Tutto esaurito ieri, 22 marzo 2017, al Teatro Franco Parenti di via Pierlombardo a Milano per la prima di “Sogno d’Autunno”, in scena fino al 2 aprile 2017, di Jon Fosse, frutto della regia di Valerio Binasco, con una meravigliosa Giovanna Mezzogiorno, Michele Di Mauro, Milvia Marigliano, Nicola Pannelli e Teresa Saponangelo in una nuova produzione del Teatro Stabile di Torino – Teatro Nazionale.
Dopo il film del 2005, La Bestia nel Cuore, questa volta Valerio Binasco si trova a lavorare con la Mezzogiorno sui palchi di un teatro ed in qualità di regista.
Dal successo riscosso dalla prima al Franco Parenti, sembra proprio che Binasco sia riuscito a dar vita ad un testo drammatico di non facile interpretazione e di non semplice messa in scena, come quello del norvegese Fosse, tradotto in oltre 40 lingue.
Giovanna Mezzogiorno e Michele Di Mauro, una ex coppia giunta in passato alla deriva dei sentimenti, si ritrova, per opera del fato, sulla panchina di un cimitero. Lui, ormai sposato e padre di un figlio, lei ancora sola. Entrambi, però, si desiderano ancora, e forse non hanno mai smesso di sentirsi insieme.

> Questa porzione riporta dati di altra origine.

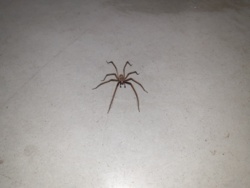 54e99e7f-aea7-462e-9838-09b8c28418c3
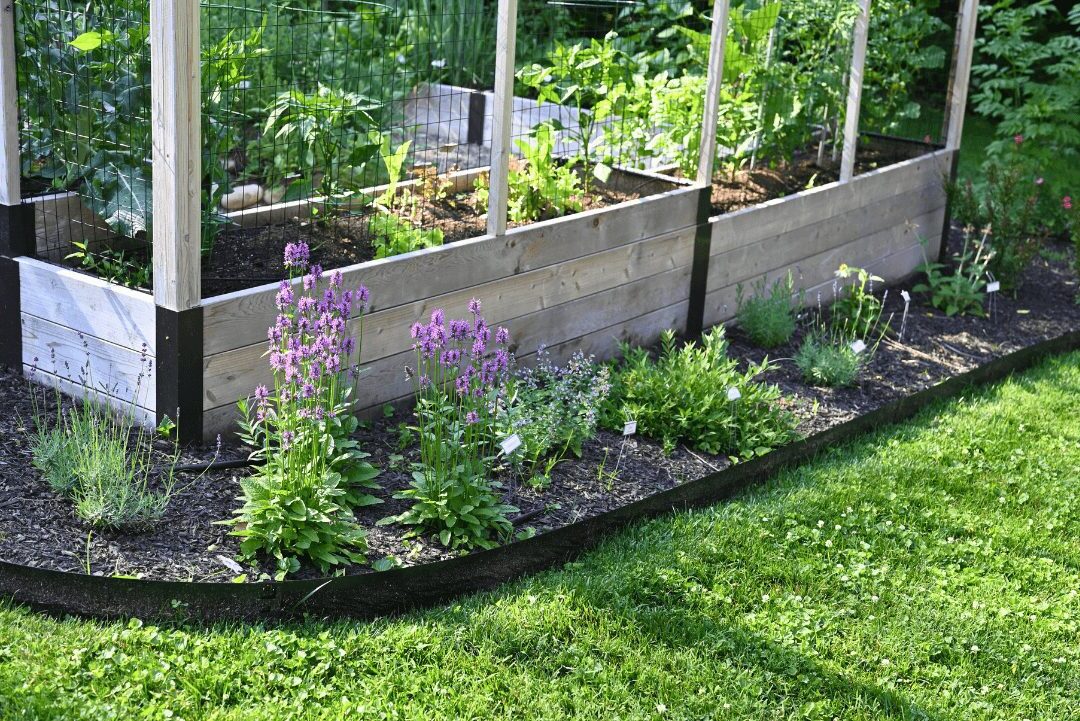 Perennial planting bed full of flowering and functional plants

A far da sfondo ai loro dialoghi, una scenografia semplice ma efficace. Sedie che fungono da tombe, con lumini e foto di immaginari defunti, vanno a comporre un cerchio che isola la scena, in mezzo ad esso la panchina dei due amanti e alle spalle una struttura che ricorda un mausoleo, pronta a cambiare durante lo spettacolo trasformando tempo e spazio in funzione del racconto.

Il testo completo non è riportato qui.